A voir jeudi 16 août 2012 à 22h40 sur RTS Deux
Notre seule certitude est de type géographique. «Inland Empire» est un lieu-dit qui désigne plusieurs communes de la banlieue de Los Angeles, ces dernières ne cessant de croître et mordre sur le désert californien. Hormis le fait, non négligeable, qu’elle introduise en creux l’hydre hollywoodienne, cette info ne nous sera d’aucun secours pour nous «orienter» dans le maelström visuel déclenché par David Lynch…
Actrice renommée, Nikki Grace (Laura Dern) a accepté de tourner dans le nouveau film du réalisateur Kingsley Stewart (Jeremy Irons). Son partenaire se nomme Devon Berk (Justin Theroux), séducteur invétéré, mais néanmoins marié et père de famille. Alors qu’ils ont commencé à répéter, Kingsley leur apprend tout à trac que le scénario qu’ils ont entre les mains constitue le «remake» d’un film inachevé, dont la réalisation a été stoppée après le meurtre de ses deux interprètes principaux! Plus excités qu’apeurés, Nikki et Devon poursuivent le tournage. Ce faisant, ils tombent dans un véritable traquenard cinématographique et nous avec!

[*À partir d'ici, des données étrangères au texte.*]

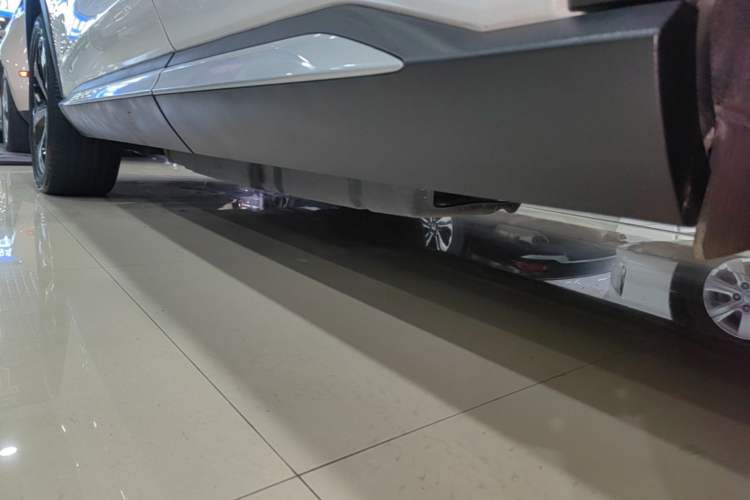 Used BYD Song PLUS New Energy 2021 DM-i 110KM Flagship PLUS Left Side Sill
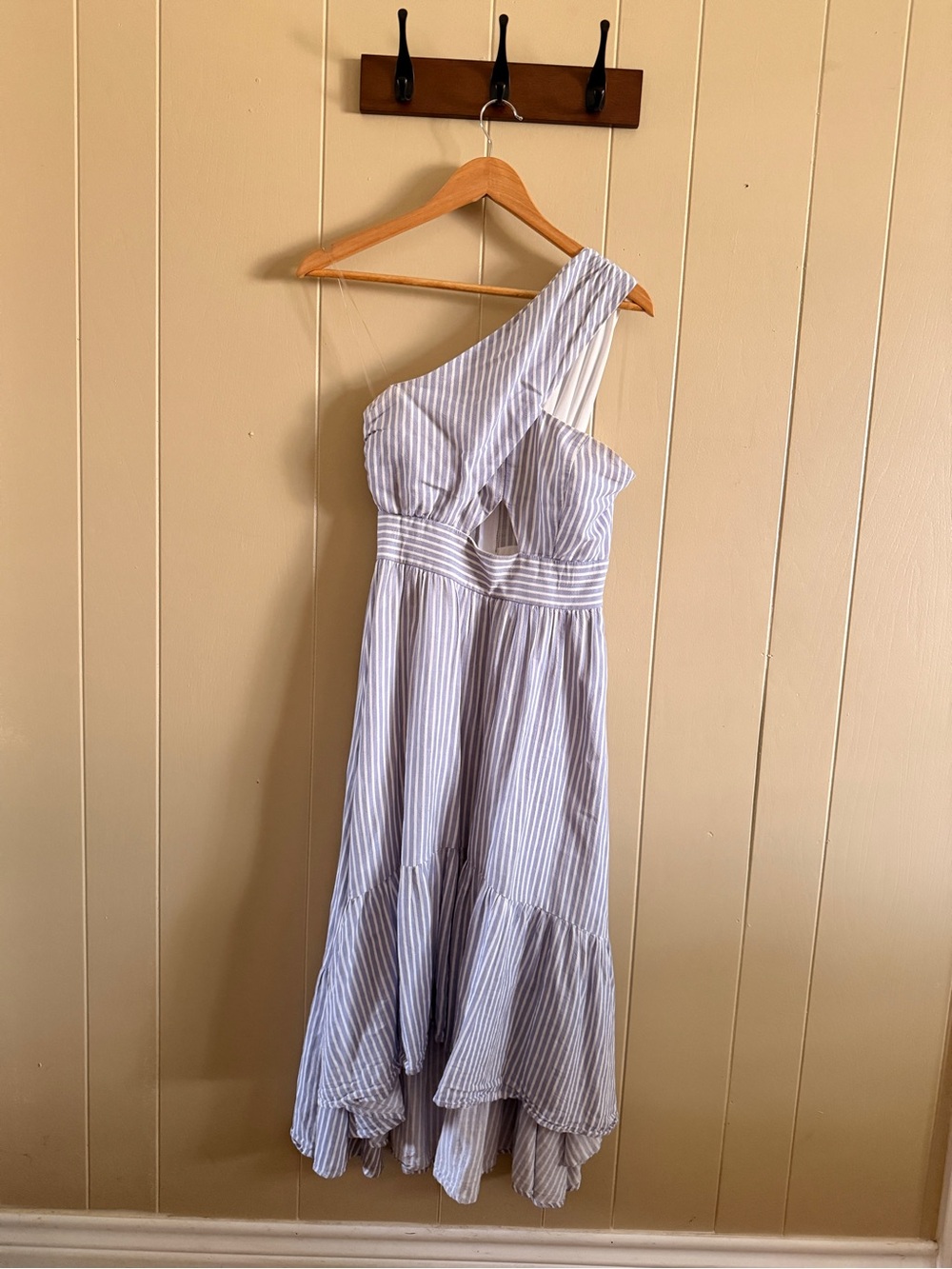 Trixxi One-Shoulder Blue & White Striped Asymmetrical Dress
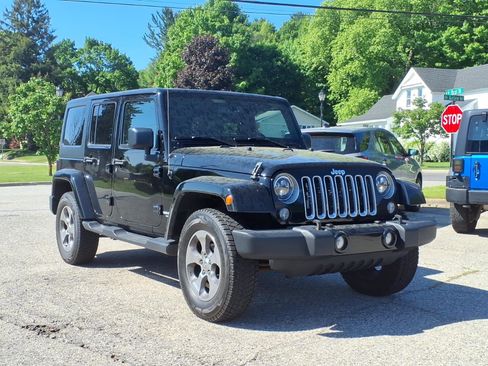 Used 2016 Jeep Wrangler Unlimited Sahara w/ Max Tow Package AWD/4WD image 1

A leur corps défendant, les deux comédiens perdent leurs repères, se mettent à vivre leur rôle de manière très impliquée, au point de susciter la jalousie du mari de Nikki. Cette dernière confond plus que de raison son existence avec celle de Susan Blue, son personnage… Bien évidemment, ce résumé ne rend pas hommage à la complexité extraordinaire de ce film absolument hors normes. Il n’est qu’un leurre pour inciter le spectateur encore hésitant à vivre l’une des plus folles expériences perceptives de l’Histoire du cinéma. En apparence, Lynch approfondit son réquisitoire contre Hollywood entrepris en 2001 avec le déjà sidérant «Mulholland Drive», pointant la perversité d’une usine à rêves qui n’a de cesse de substituer à nos «vraies» vies ses récits dépersonnalisants. In vivo, «Inland Empire» pulvérise cette interprétation (le cinéma comme névrose quotidienne) pour atteindre des niveaux de conscience inouïs, charriant des images au pouvoir de fascination mystérieux dont personne ne pourra sortir indemne.